Task requirements: When the line containing "108 Prestwick Way" appears in the entries below, begin printing there and stop after the line containing "吃瓜群众秒变五瓜什么意思,揭秘网络热词背后的文化现象"; print each of those lines exactly and no other line.

Input:

++++++++++

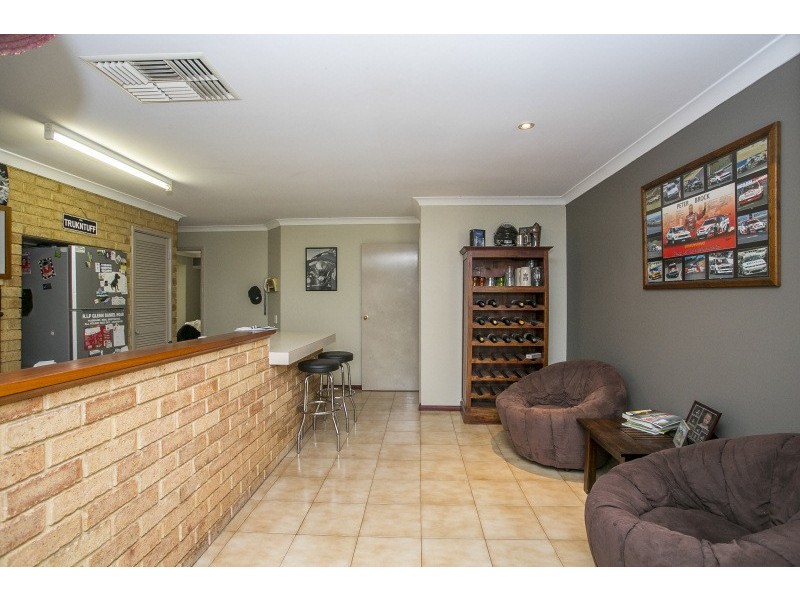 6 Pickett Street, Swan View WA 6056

++++++++++

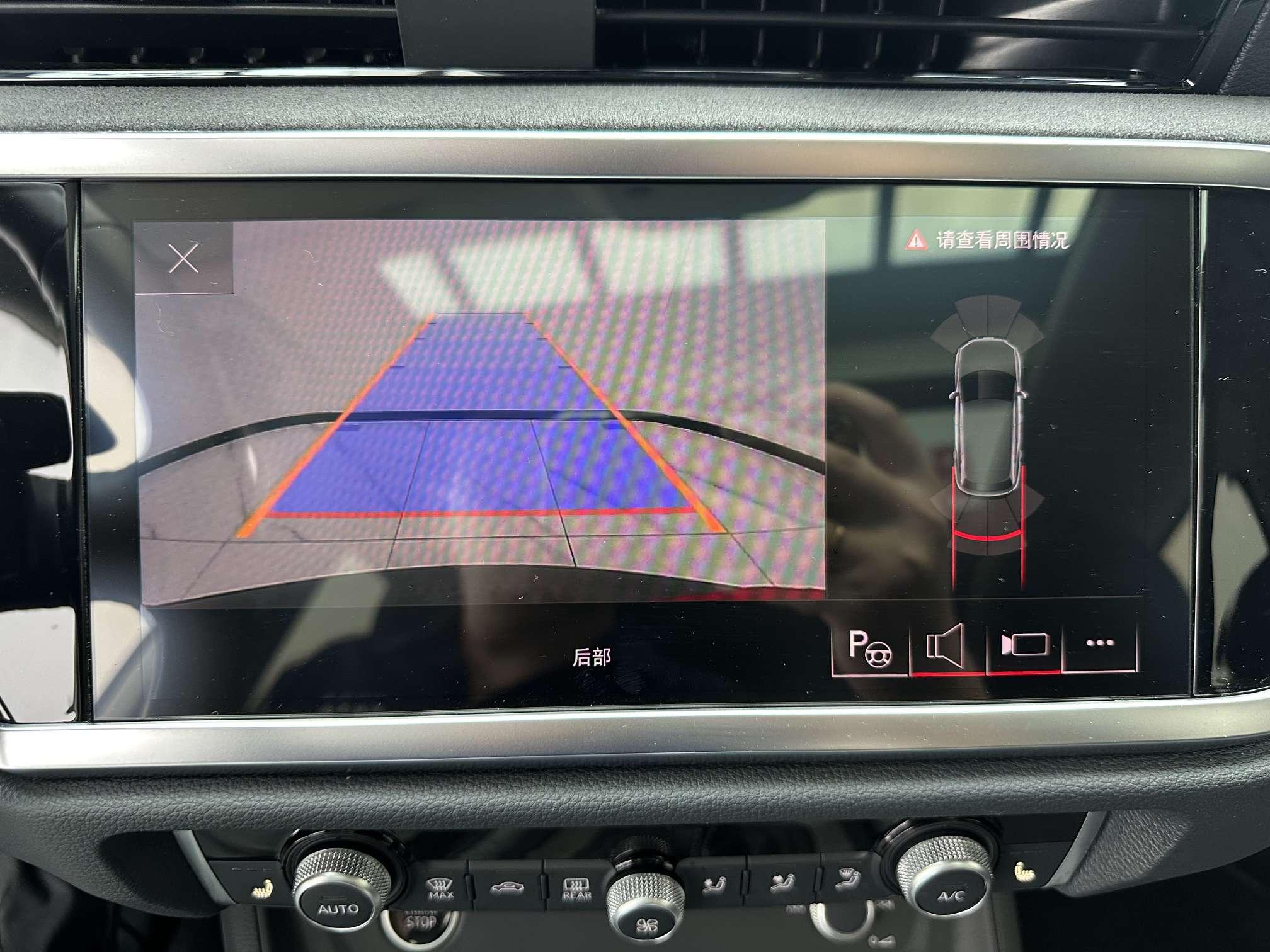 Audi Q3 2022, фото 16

++++++++++

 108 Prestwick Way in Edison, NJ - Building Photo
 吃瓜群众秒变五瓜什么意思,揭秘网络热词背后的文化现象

++++++++++

Result below:
 108 Prestwick Way in Edison, NJ - Building Photo
 吃瓜群众秒变五瓜什么意思,揭秘网络热词背后的文化现象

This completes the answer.